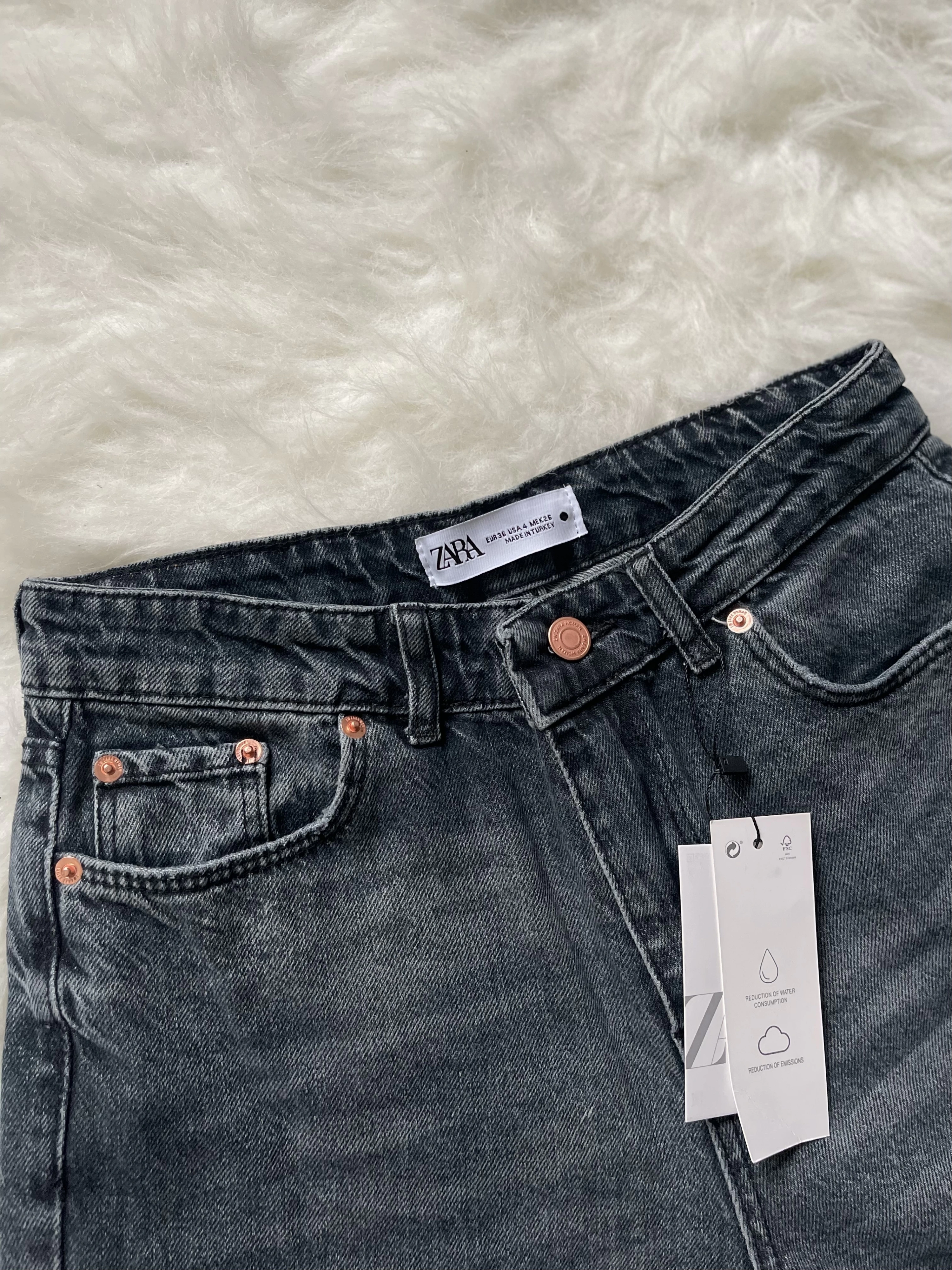 ZR Straight Leg Jeans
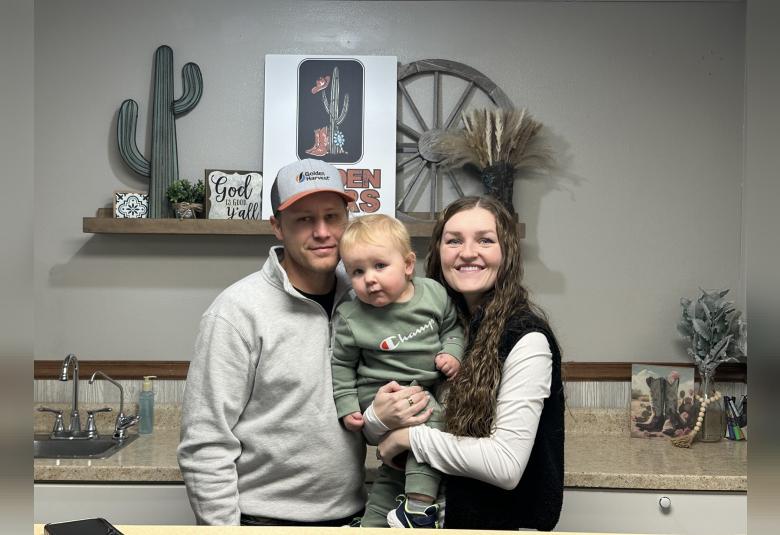 The Akron Hometowner - Staff Photo - Create Article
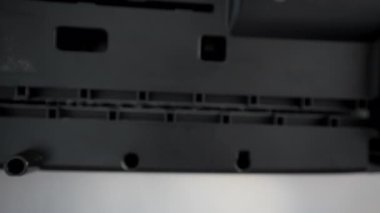 Kağıt öğütücü, bir belgeyi ince şeritlere ayırıyor. Yüksek kalite 4k görüntü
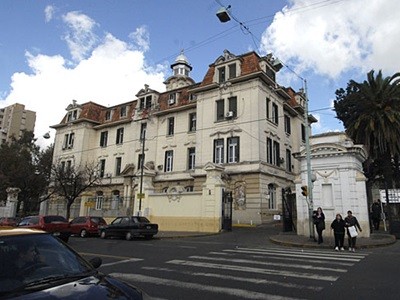 Otra vez un médico del Piñero fue agredido por familiares de un paciente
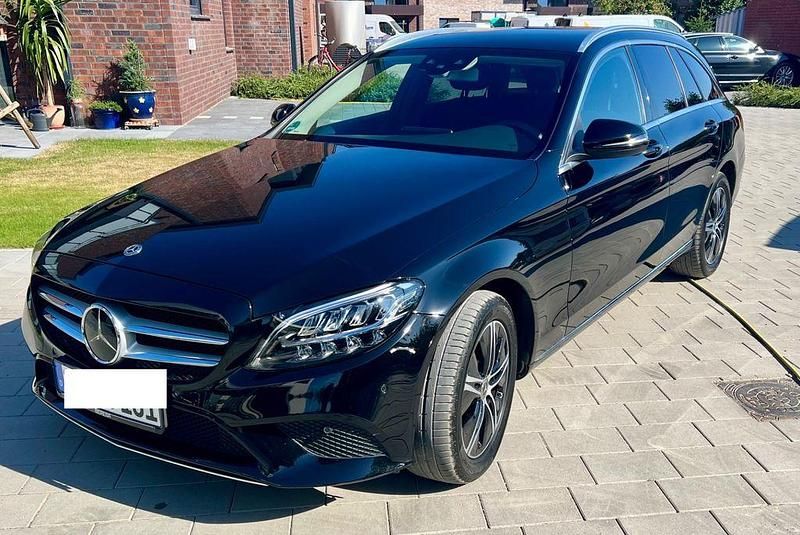 Schwarz Gebraucht 2020 Mercedes C300 Limousine | 20.800 € (Superpreis) - Bild 1/4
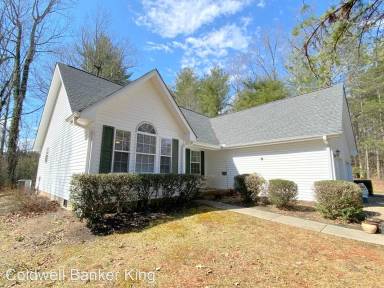 Main picture of 22 Breezewood St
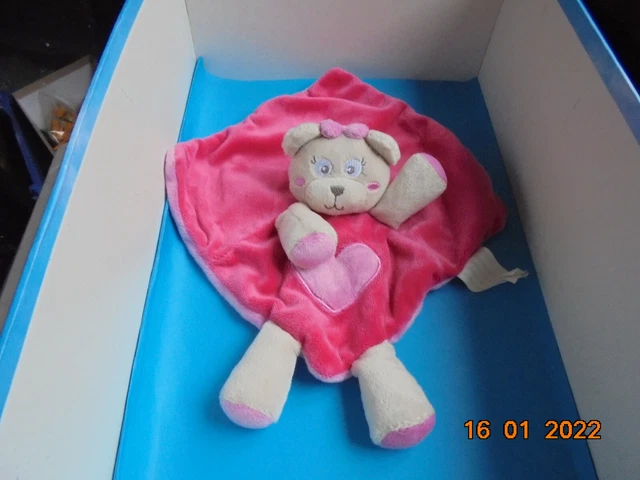 Doudou 7151 / Plat Ours "Kimbaloo" Rose - Brode Fleurs-Coeur - Noeud Papillon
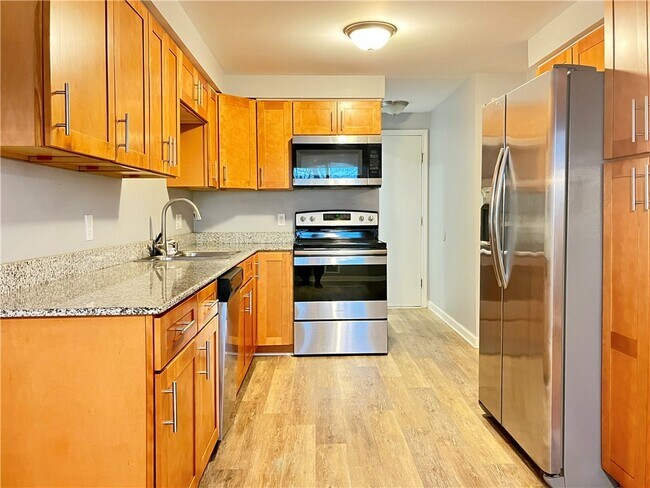 Foto del edificio - 6 Bucklebury Hill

══════════════════════════════

> What is expected:
Repeat only the lines from the line with "The Akron Hometowner" to the end of the entries, including both the first and the last line, and drop every picture.

> The completed task:
 The Akron Hometowner - Staff Photo - Create Article
 Kağıt öğütücü, bir belgeyi ince şeritlere ayırıyor. Yüksek kalite 4k görüntü
 Otra vez un médico del Piñero fue agredido por familiares de un paciente
 Schwarz Gebraucht 2020 Mercedes C300 Limousine | 20.800 € (Superpreis) - Bild 1/4
 Main picture of 22 Breezewood St
 Doudou 7151 / Plat Ours "Kimbaloo" Rose - Brode Fleurs-Coeur - Noeud Papillon
 Foto del edificio - 6 Bucklebury Hill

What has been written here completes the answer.